Among the entries below, extract exactly the lines that run from the one with "Acrylic paint of" through the one with "Sphynx Cat Clothes", both ends included.

> [EXCERPTED RECORDS]
=== Begin Enclosure ===

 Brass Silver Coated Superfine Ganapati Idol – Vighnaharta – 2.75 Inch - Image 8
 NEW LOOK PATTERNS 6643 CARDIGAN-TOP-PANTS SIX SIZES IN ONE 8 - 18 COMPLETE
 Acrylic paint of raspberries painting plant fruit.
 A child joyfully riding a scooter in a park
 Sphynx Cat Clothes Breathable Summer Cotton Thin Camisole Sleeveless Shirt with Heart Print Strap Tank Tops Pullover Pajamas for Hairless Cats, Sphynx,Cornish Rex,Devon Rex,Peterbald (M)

=== End Enclosure ===
=== Begin Enclosure ===

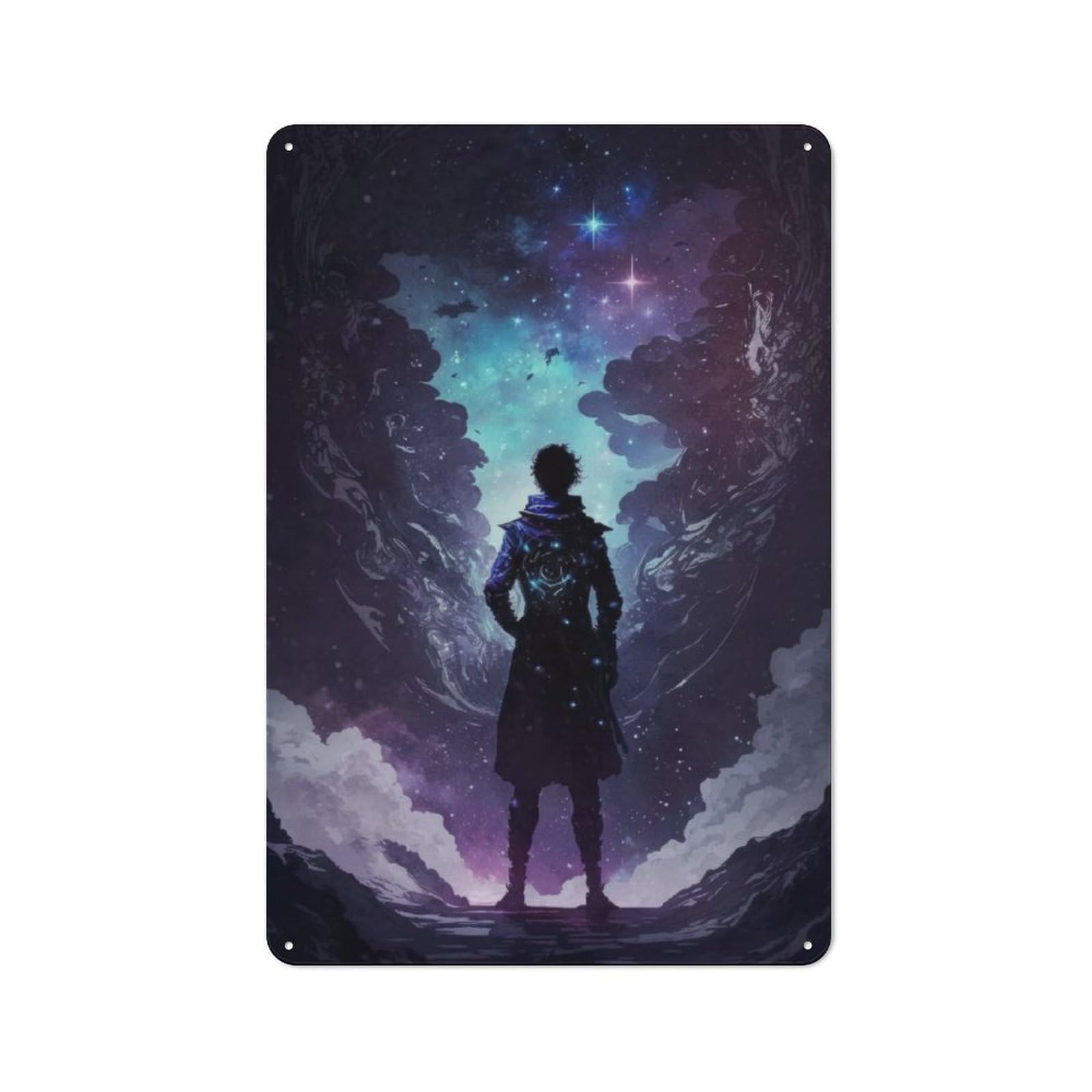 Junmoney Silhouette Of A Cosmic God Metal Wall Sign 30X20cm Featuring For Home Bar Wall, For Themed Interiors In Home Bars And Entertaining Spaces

=== End Enclosure ===

> [RESULT FOR THIS TASK]
 Acrylic paint of raspberries painting plant fruit.
 A child joyfully riding a scooter in a park
 Sphynx Cat Clothes Breathable Summer Cotton Thin Camisole Sleeveless Shirt with Heart Print Strap Tank Tops Pullover Pajamas for Hairless Cats, Sphynx,Cornish Rex,Devon Rex,Peterbald (M)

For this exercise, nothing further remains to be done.